◆ EXERCISE GOAL
What is wanted is the full listing, word for word, without its pictures.

◆ PROVIDED DATA

╭──

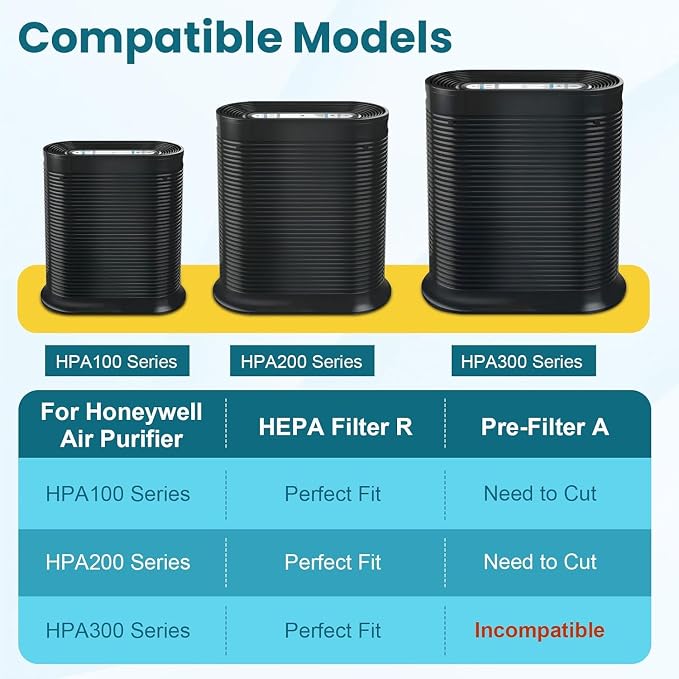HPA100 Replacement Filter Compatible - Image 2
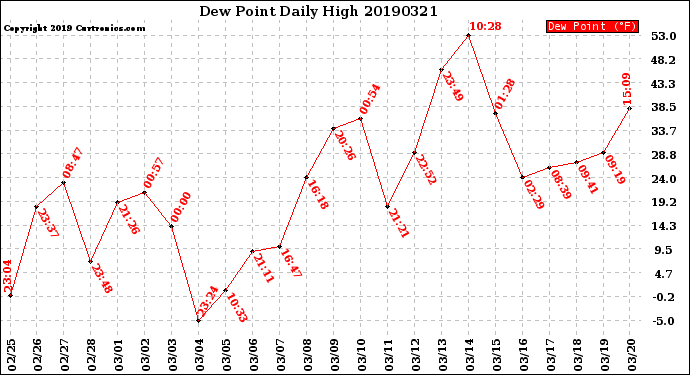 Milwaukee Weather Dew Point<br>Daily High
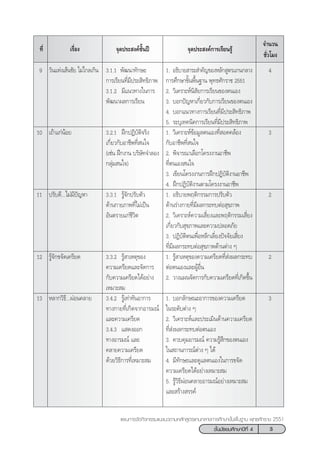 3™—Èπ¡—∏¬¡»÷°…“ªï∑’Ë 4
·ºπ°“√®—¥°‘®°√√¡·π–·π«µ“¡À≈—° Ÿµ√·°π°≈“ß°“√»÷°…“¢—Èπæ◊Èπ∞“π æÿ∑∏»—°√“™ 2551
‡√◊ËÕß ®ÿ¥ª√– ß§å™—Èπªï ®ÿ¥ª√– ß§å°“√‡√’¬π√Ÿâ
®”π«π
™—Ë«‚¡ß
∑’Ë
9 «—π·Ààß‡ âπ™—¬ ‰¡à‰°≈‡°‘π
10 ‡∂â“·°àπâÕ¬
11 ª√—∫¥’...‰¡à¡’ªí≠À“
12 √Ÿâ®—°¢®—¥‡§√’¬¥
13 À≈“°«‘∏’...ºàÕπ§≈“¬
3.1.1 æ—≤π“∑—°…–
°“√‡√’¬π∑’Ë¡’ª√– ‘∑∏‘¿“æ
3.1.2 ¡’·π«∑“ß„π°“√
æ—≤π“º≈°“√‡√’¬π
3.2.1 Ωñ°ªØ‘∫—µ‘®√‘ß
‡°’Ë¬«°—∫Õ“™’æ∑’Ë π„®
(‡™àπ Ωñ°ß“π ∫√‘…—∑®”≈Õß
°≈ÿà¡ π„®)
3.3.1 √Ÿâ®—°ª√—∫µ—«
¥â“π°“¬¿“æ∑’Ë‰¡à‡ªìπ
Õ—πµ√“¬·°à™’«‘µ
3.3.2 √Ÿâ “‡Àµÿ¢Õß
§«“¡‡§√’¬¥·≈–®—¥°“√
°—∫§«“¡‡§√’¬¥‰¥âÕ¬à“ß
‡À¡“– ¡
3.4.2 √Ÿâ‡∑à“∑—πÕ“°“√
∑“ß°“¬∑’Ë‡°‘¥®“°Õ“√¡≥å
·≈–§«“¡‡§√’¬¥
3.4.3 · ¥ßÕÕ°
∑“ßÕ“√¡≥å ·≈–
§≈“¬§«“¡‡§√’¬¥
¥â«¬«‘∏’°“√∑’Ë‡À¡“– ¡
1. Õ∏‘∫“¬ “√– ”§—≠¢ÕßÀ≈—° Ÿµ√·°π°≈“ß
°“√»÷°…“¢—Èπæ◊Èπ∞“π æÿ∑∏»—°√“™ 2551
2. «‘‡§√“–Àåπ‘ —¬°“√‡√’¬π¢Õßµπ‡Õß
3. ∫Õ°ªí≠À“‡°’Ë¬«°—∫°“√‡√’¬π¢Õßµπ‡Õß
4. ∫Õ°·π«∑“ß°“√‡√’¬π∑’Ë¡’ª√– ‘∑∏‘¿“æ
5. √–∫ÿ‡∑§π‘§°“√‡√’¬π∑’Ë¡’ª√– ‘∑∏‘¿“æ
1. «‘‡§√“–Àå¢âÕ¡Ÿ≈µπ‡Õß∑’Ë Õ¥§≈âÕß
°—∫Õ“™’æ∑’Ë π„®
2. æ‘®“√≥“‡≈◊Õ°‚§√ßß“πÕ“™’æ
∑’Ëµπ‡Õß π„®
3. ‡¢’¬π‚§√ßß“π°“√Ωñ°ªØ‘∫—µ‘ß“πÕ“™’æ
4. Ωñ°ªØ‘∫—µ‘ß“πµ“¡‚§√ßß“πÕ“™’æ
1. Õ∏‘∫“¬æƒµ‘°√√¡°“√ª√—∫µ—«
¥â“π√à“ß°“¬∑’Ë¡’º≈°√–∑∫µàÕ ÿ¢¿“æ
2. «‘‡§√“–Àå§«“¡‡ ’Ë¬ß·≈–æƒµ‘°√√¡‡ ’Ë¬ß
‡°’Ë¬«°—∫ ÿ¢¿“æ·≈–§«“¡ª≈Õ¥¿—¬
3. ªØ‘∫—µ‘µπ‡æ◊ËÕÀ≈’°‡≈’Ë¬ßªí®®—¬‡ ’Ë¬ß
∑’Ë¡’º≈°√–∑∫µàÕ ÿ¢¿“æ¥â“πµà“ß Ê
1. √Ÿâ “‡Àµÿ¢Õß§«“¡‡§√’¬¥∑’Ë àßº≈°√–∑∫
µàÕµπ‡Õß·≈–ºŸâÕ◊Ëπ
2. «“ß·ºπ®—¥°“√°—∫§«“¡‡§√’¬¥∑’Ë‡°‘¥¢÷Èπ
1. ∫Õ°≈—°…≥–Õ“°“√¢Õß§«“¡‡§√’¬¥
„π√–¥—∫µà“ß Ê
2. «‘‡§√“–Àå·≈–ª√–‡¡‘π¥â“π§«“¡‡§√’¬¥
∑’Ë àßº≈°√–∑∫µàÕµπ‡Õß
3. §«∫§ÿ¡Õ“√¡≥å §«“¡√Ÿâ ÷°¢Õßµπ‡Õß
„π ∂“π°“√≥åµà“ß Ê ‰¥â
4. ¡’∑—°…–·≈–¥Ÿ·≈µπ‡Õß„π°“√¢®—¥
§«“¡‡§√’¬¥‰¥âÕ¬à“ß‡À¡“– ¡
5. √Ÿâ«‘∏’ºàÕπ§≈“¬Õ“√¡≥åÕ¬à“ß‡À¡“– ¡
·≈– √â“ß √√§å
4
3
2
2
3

╰──

◆ YOUR SOLUTION
HPA100 Replacement Filter Compatible - Image 2
 Milwaukee Weather Dew Point<br>Daily High
 3™—Èπ¡—∏¬¡»÷°…“ªï∑’Ë 4
·ºπ°“√®—¥°‘®°√√¡·π–·π«µ“¡À≈—° Ÿµ√·°π°≈“ß°“√»÷°…“¢—Èπæ◊Èπ∞“π æÿ∑∏»—°√“™ 2551
‡√◊ËÕß ®ÿ¥ª√– ß§å™—Èπªï ®ÿ¥ª√– ß§å°“√‡√’¬π√Ÿâ
®”π«π
™—Ë«‚¡ß
∑’Ë
9 «—π·Ààß‡ âπ™—¬ ‰¡à‰°≈‡°‘π
10 ‡∂â“·°àπâÕ¬
11 ª√—∫¥’...‰¡à¡’ªí≠À“
12 √Ÿâ®—°¢®—¥‡§√’¬¥
13 À≈“°«‘∏’...ºàÕπ§≈“¬
3.1.1 æ—≤π“∑—°…–
°“√‡√’¬π∑’Ë¡’ª√– ‘∑∏‘¿“æ
3.1.2 ¡’·π«∑“ß„π°“√
æ—≤π“º≈°“√‡√’¬π
3.2.1 Ωñ°ªØ‘∫—µ‘®√‘ß
‡°’Ë¬«°—∫Õ“™’æ∑’Ë π„®
(‡™àπ Ωñ°ß“π ∫√‘…—∑®”≈Õß
°≈ÿà¡ π„®)
3.3.1 √Ÿâ®—°ª√—∫µ—«
¥â“π°“¬¿“æ∑’Ë‰¡à‡ªìπ
Õ—πµ√“¬·°à™’«‘µ
3.3.2 √Ÿâ “‡Àµÿ¢Õß
§«“¡‡§√’¬¥·≈–®—¥°“√
°—∫§«“¡‡§√’¬¥‰¥âÕ¬à“ß
‡À¡“– ¡
3.4.2 √Ÿâ‡∑à“∑—πÕ“°“√
∑“ß°“¬∑’Ë‡°‘¥®“°Õ“√¡≥å
·≈–§«“¡‡§√’¬¥
3.4.3 · ¥ßÕÕ°
∑“ßÕ“√¡≥å ·≈–
§≈“¬§«“¡‡§√’¬¥
¥â«¬«‘∏’°“√∑’Ë‡À¡“– ¡
1. Õ∏‘∫“¬ “√– ”§—≠¢ÕßÀ≈—° Ÿµ√·°π°≈“ß
°“√»÷°…“¢—Èπæ◊Èπ∞“π æÿ∑∏»—°√“™ 2551
2. «‘‡§√“–Àåπ‘ —¬°“√‡√’¬π¢Õßµπ‡Õß
3. ∫Õ°ªí≠À“‡°’Ë¬«°—∫°“√‡√’¬π¢Õßµπ‡Õß
4. ∫Õ°·π«∑“ß°“√‡√’¬π∑’Ë¡’ª√– ‘∑∏‘¿“æ
5. √–∫ÿ‡∑§π‘§°“√‡√’¬π∑’Ë¡’ª√– ‘∑∏‘¿“æ
1. «‘‡§√“–Àå¢âÕ¡Ÿ≈µπ‡Õß∑’Ë Õ¥§≈âÕß
°—∫Õ“™’æ∑’Ë π„®
2. æ‘®“√≥“‡≈◊Õ°‚§√ßß“πÕ“™’æ
∑’Ëµπ‡Õß π„®
3. ‡¢’¬π‚§√ßß“π°“√Ωñ°ªØ‘∫—µ‘ß“πÕ“™’æ
4. Ωñ°ªØ‘∫—µ‘ß“πµ“¡‚§√ßß“πÕ“™’æ
1. Õ∏‘∫“¬æƒµ‘°√√¡°“√ª√—∫µ—«
¥â“π√à“ß°“¬∑’Ë¡’º≈°√–∑∫µàÕ ÿ¢¿“æ
2. «‘‡§√“–Àå§«“¡‡ ’Ë¬ß·≈–æƒµ‘°√√¡‡ ’Ë¬ß
‡°’Ë¬«°—∫ ÿ¢¿“æ·≈–§«“¡ª≈Õ¥¿—¬
3. ªØ‘∫—µ‘µπ‡æ◊ËÕÀ≈’°‡≈’Ë¬ßªí®®—¬‡ ’Ë¬ß
∑’Ë¡’º≈°√–∑∫µàÕ ÿ¢¿“æ¥â“πµà“ß Ê
1. √Ÿâ “‡Àµÿ¢Õß§«“¡‡§√’¬¥∑’Ë àßº≈°√–∑∫
µàÕµπ‡Õß·≈–ºŸâÕ◊Ëπ
2. «“ß·ºπ®—¥°“√°—∫§«“¡‡§√’¬¥∑’Ë‡°‘¥¢÷Èπ
1. ∫Õ°≈—°…≥–Õ“°“√¢Õß§«“¡‡§√’¬¥
„π√–¥—∫µà“ß Ê
2. «‘‡§√“–Àå·≈–ª√–‡¡‘π¥â“π§«“¡‡§√’¬¥
∑’Ë àßº≈°√–∑∫µàÕµπ‡Õß
3. §«∫§ÿ¡Õ“√¡≥å §«“¡√Ÿâ ÷°¢Õßµπ‡Õß
„π ∂“π°“√≥åµà“ß Ê ‰¥â
4. ¡’∑—°…–·≈–¥Ÿ·≈µπ‡Õß„π°“√¢®—¥
§«“¡‡§√’¬¥‰¥âÕ¬à“ß‡À¡“– ¡
5. √Ÿâ«‘∏’ºàÕπ§≈“¬Õ“√¡≥åÕ¬à“ß‡À¡“– ¡
·≈– √â“ß √√§å
4
3
2
2
3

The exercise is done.